- [DATA TO PROCESS]:
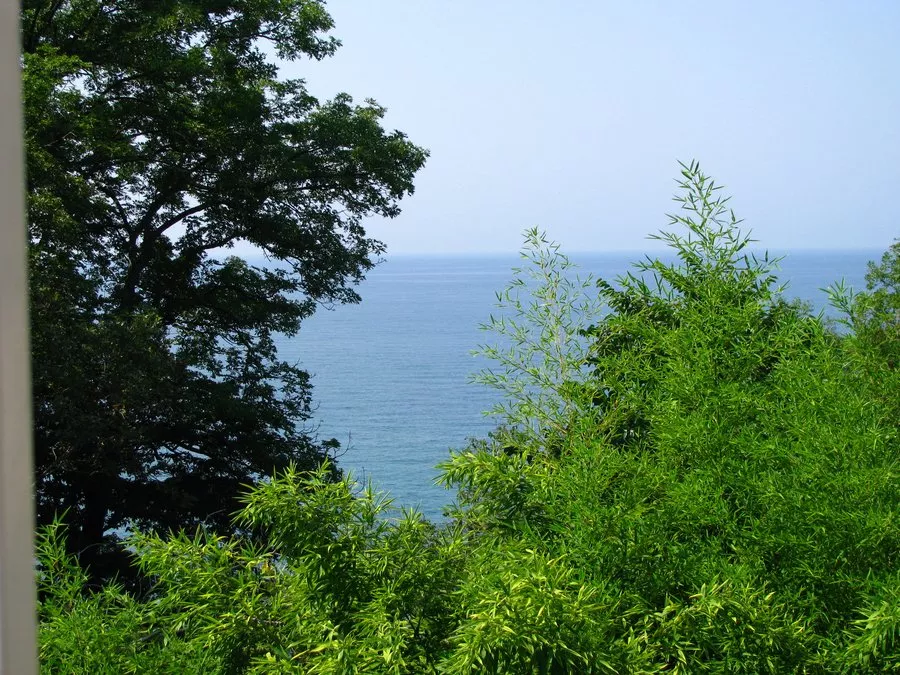 . Гостевой дом "Отис". Совет-Квадже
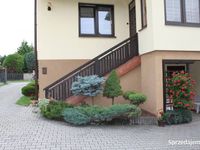 Obraz 3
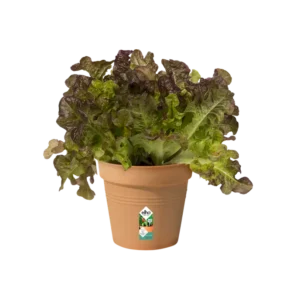 Elho - Green Basics Growpot - Mild Terra - Image 10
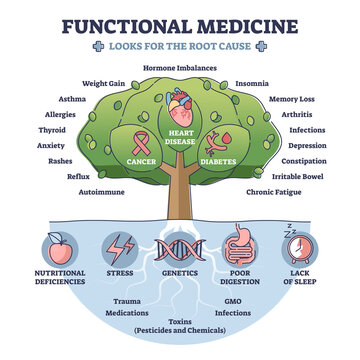 Functional medicine as disease treatment with looks for root cause outline diagram. Tree with cancer, heart disease and diabetes health problem identification and focused help vector illustration.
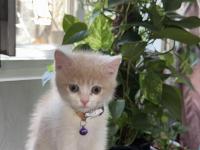 2.5 Aylık Yavru Anne Scottish Baba British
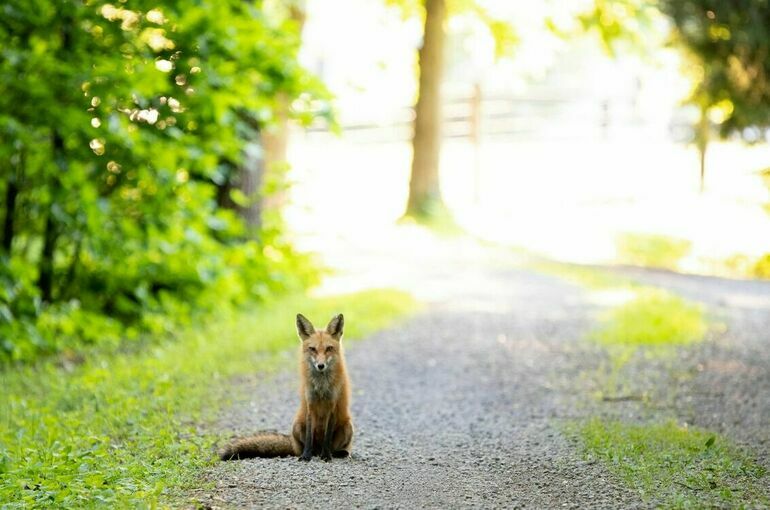 Депутат Чаплин напомнил дачникам, что делать при встрече с диким животным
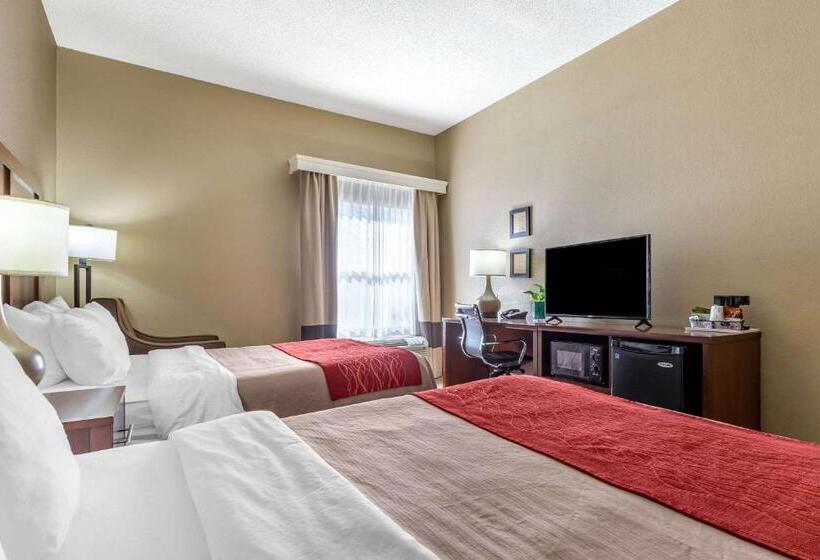 标准间, Comfort Inn Blythewood  North Columbia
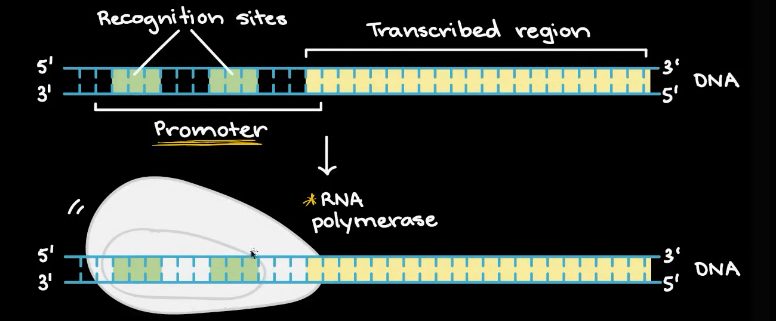 <ul><li><p><strong>RNA</strong> <strong>polymerase</strong> binds to the <u>recognition site/promoter region</u> of the DNA</p></li></ul><ul><li><p>It <strong>unwinds</strong> the DNA and <strong>separates</strong> the <u>template strand from the coding strand</u></p></li></ul><p></p>
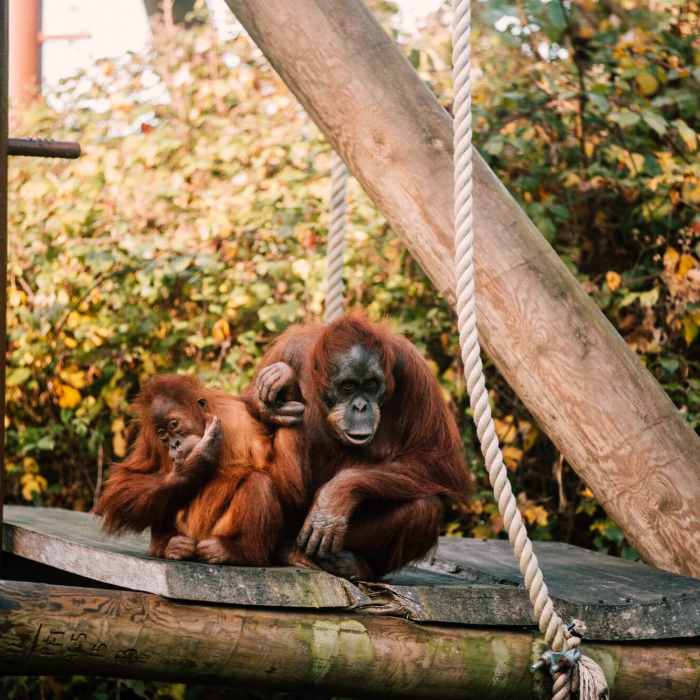 Orangutang at the zoo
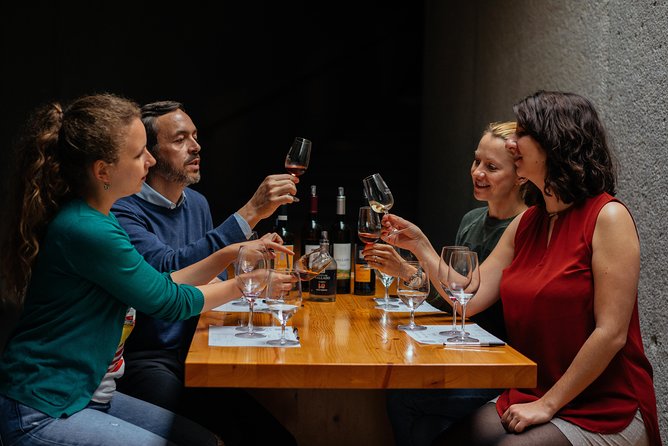 Douro Valley Private Day Trip including Boat Ride & Wine Tasting - Who should book this Douro Valley day trip?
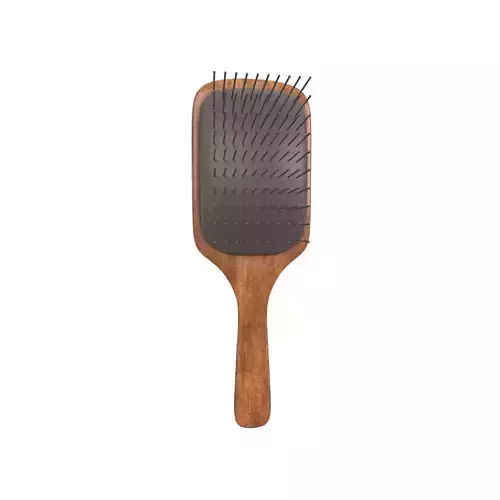 Hair Brush v1 001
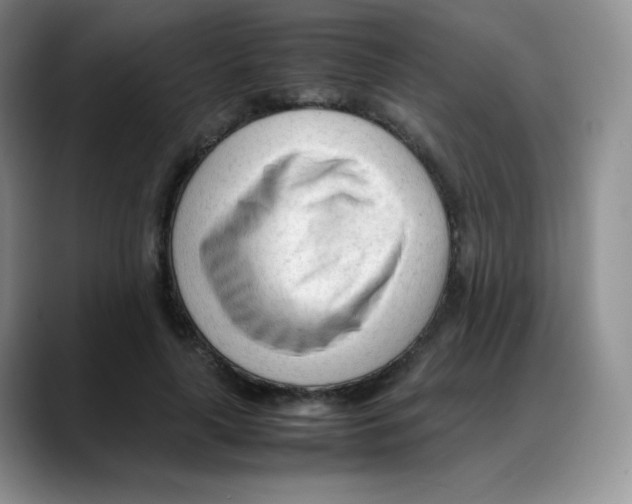 X0000088050643200706081630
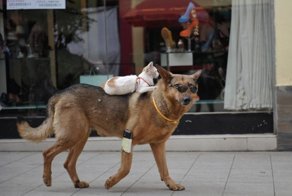 "Покатай меня, большая черепаха!": 20 смешных фото хитрых животных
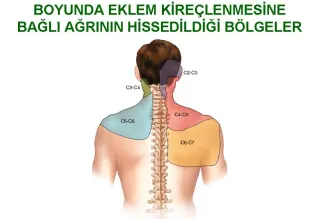 Prof. Dr. Mehmet Arif Yeğin profilinde yer alan galeri fotoğrafı.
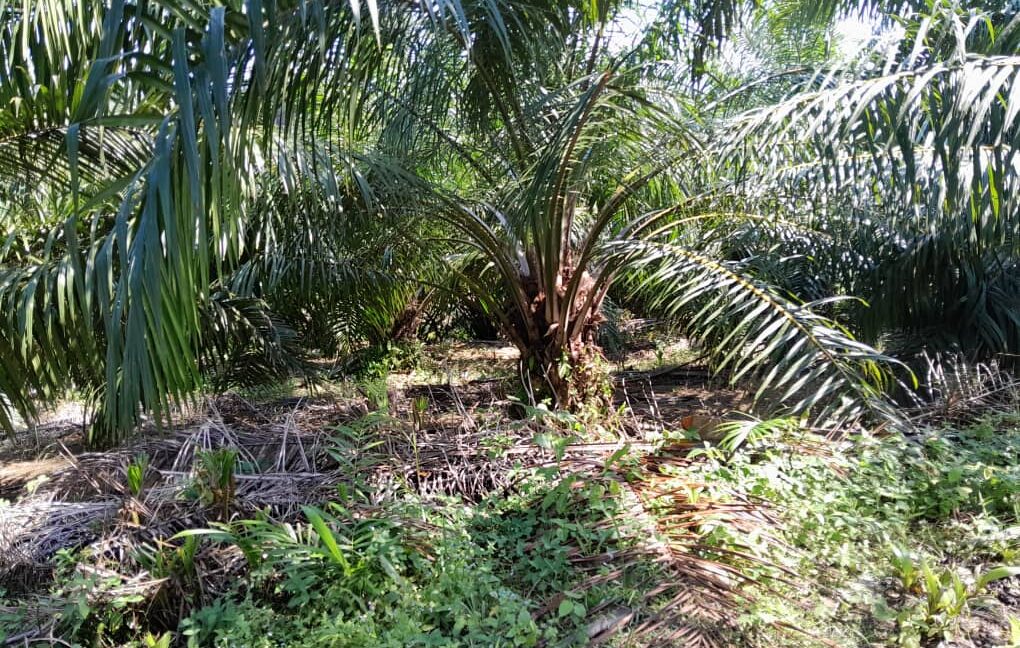 6badda79-50bb-4d3e-9291-bb2b1e828741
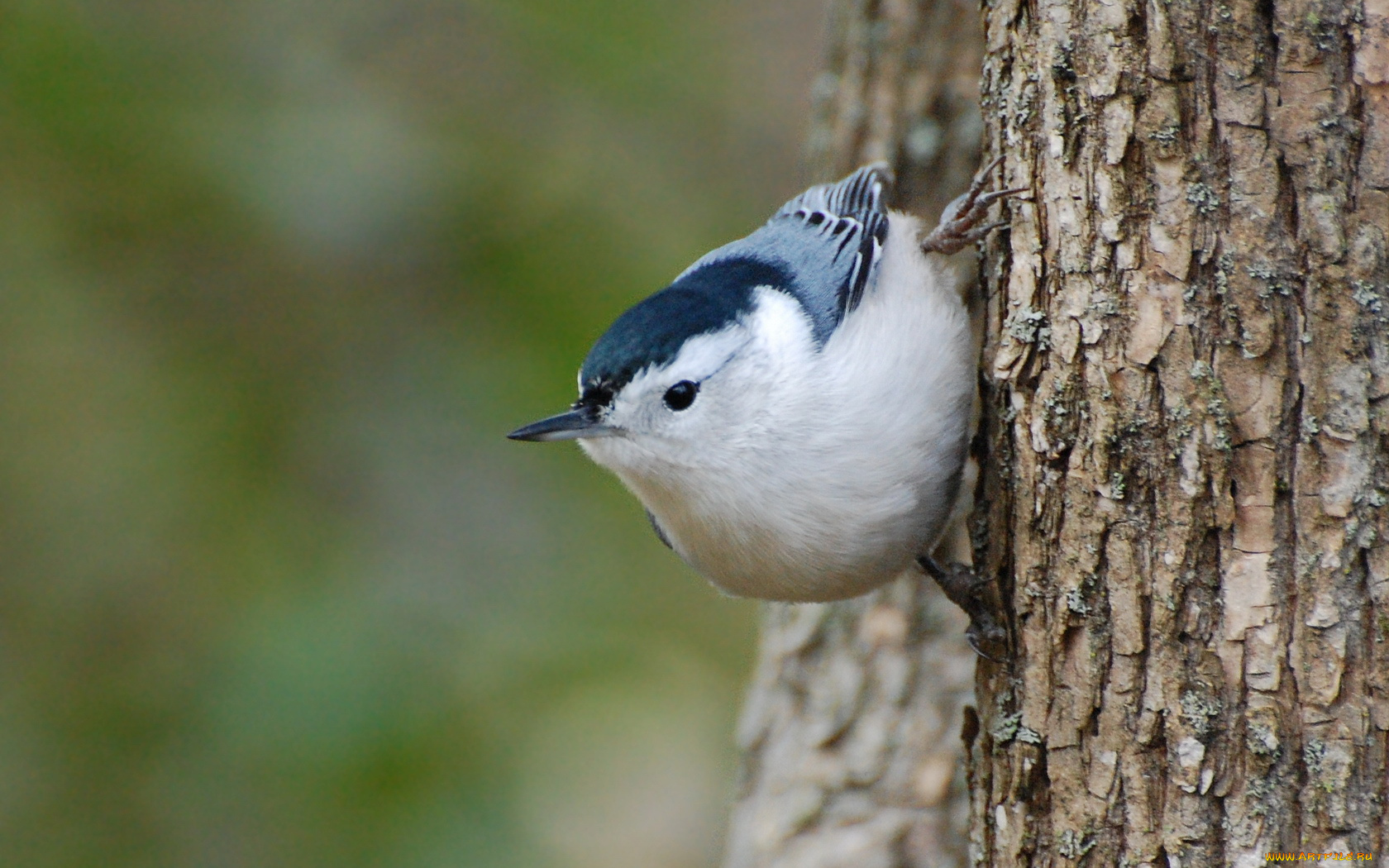 животные, поползни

- [EXERCISE GOAL]:
Output exactly the lines above that lie between the line with "Elho - Green" and the line with "Orangutang at the zoo", those two lines included, and no pictures.

- [EXPECTED OUTPUT]:
 Elho - Green Basics Growpot - Mild Terra - Image 10
 Functional medicine as disease treatment with looks for root cause outline diagram. Tree with cancer, heart disease and diabetes health problem identification and focused help vector illustration.
 2.5 Aylık Yavru Anne Scottish Baba British
 Депутат Чаплин напомнил дачникам, что делать при встрече с диким животным
 标准间, Comfort Inn Blythewood  North Columbia
 <ul><li><p><strong>RNA</strong> <strong>polymerase</strong> binds to the <u>recognition site/promoter region</u> of the DNA</p></li></ul><ul><li><p>It <strong>unwinds</strong> the DNA and <strong>separates</strong> the <u>template strand from the coding strand</u></p></li></ul><p></p>
 Orangutang at the zoo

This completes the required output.